Sie verfügt über vier Innenfächer und dann noch einmal drei Reißverschlusstaschen und ist lang genug, um eine große Stoffschere aufzunehmen. (Fast) alle meiner Nähwerkzeuge passen rein! Und durch die vielen Fächer kommt auch nichts durcheinander.


Nachdem ich jetzt die vielen, vielen anderen Sew Together Bags online gesehen habe, die rund um den Globus entstanden sind, finde ich meine Außenseite viel zu langweilig. Das nächste Mal werde ich mich da ein wenig kreativer betätigen! Aber dennoch ist die Sew Together Bag mein absoluter Liebling.

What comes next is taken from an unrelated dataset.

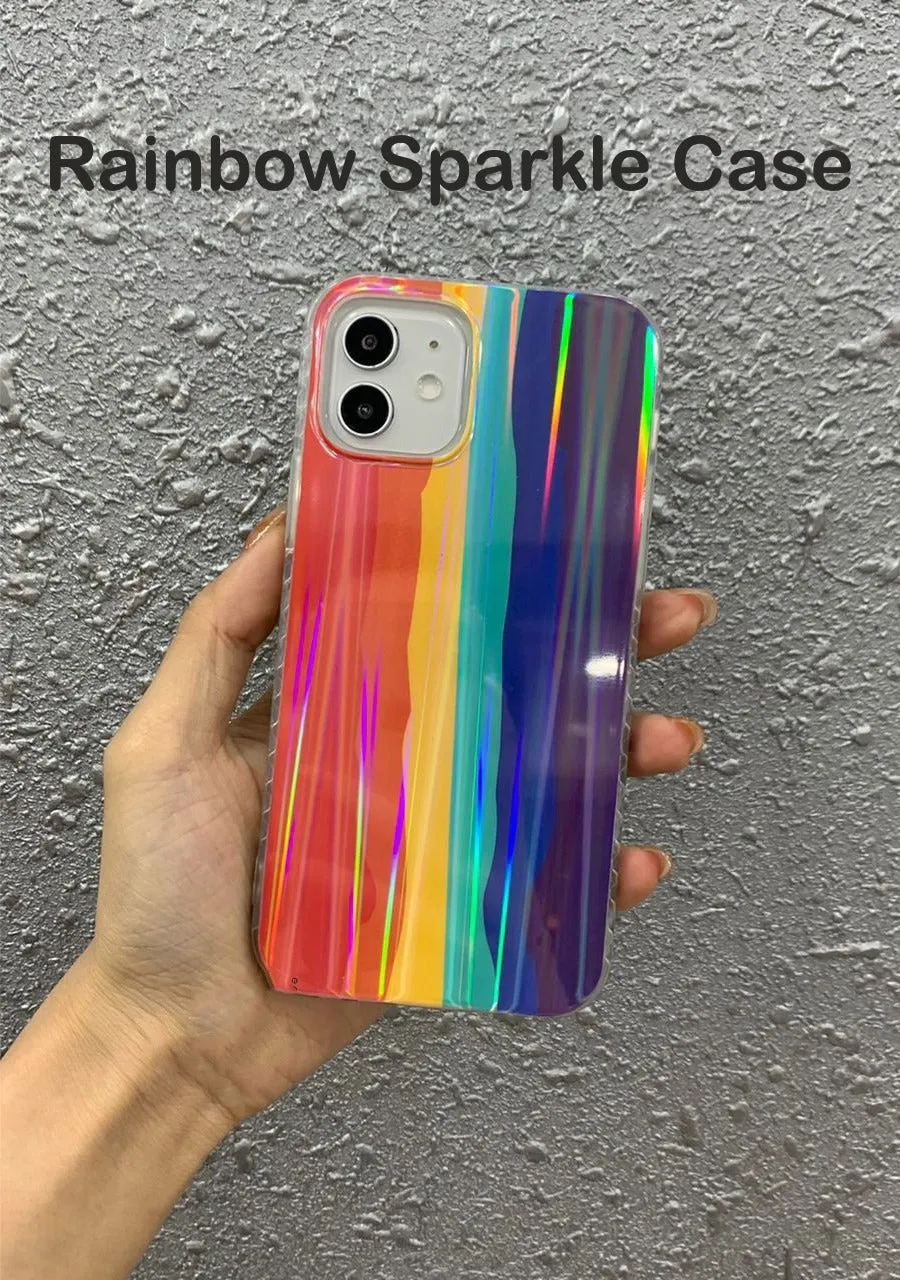 Rainbow Shiny Hard Case For Oppo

Seid ihr noch da? Habt ihr euch durch die Bilderflut wühlen können? Nächstes Mal zeige ich euch dann die etwas größeren Taschen - keine Angst, da die nicht so schnell gehen, gibt es davon nicht so viele. Bis dann!

- Mara

Dienstag, 24. Juni 2014

Hallo zusammen!

Das hier ist mein allererster Post, und ich bin gespannt, wohin mich das Bloggen bringen wird. Wieso ich jetzt einen Blog eröffne? Seit einem knappen Jahr, seitdem ich zum ersten Mal an einer Nähmaschine saß, hat mich das Nähfieber gepackt. Es war Liebe auf den ersten Blick (bzw. Stich), auch wenn meine Anfänge recht holprig waren. Unzählige Blogs haben mich aber langsam an das Nähen heran geführt und mir die Vielfalt an Stoffen, Schnitten, Mustern und Möglichkeiten nahe gebracht. Wann immer ich einen neuen Blog entdeckt habe, der mir gefallen hat, habe ich mich in dessen Archiv vergraben und von fleißigen und herrlich kreativen Nähern aus aller Welt inspirieren und helfen lassen. Ich hoffe, dass auch dieser Blog für einige von Euch eine Fundgrube sein kann!

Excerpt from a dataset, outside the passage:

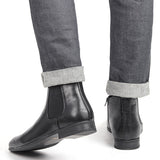  Men Chelsea Boots Style Ankle Boots Split Leather Upper Mart Lion - Mart Lion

Ein paar Worte noch zu mir - Mara, fast neunzehnjährig, mit dem Abi in der Tasche, einer Nähmaschine auf dem Schreibtisch, ein paar Stoffe im Schrank und tausend Ideen im Kopf, für deren Umsetzung mir leider die Zeit fehlt. Das Nähen ist mein tägliches kreatives Ventil, mein Loslassen, meine eigene kleine, bunte Welt, in der ich mich pudelwohl fühle. Ich nähe nach einer anfänglichen Taschenphase (ich habe nicht gezählt, aber an die 30 kleine und größere Täschchen sind wohl schon entstanden) nun zum einen Kleidung für mich, zum anderen immer noch kleine, feine Projekte und immer mal wieder an einem gigantischen Quiltprojekt (mein erster richtiger Quilt!). Meine Projekte, meine jetzigen Arbeiten, meine Pläne und vielleicht auch mal ein Tutorial werde ich hier veröffentlichen. Ich freue mich riesig über jeden von Euch, der mal hier vorbeischaut, mitliest und vielleicht auch mal Hallo sagt.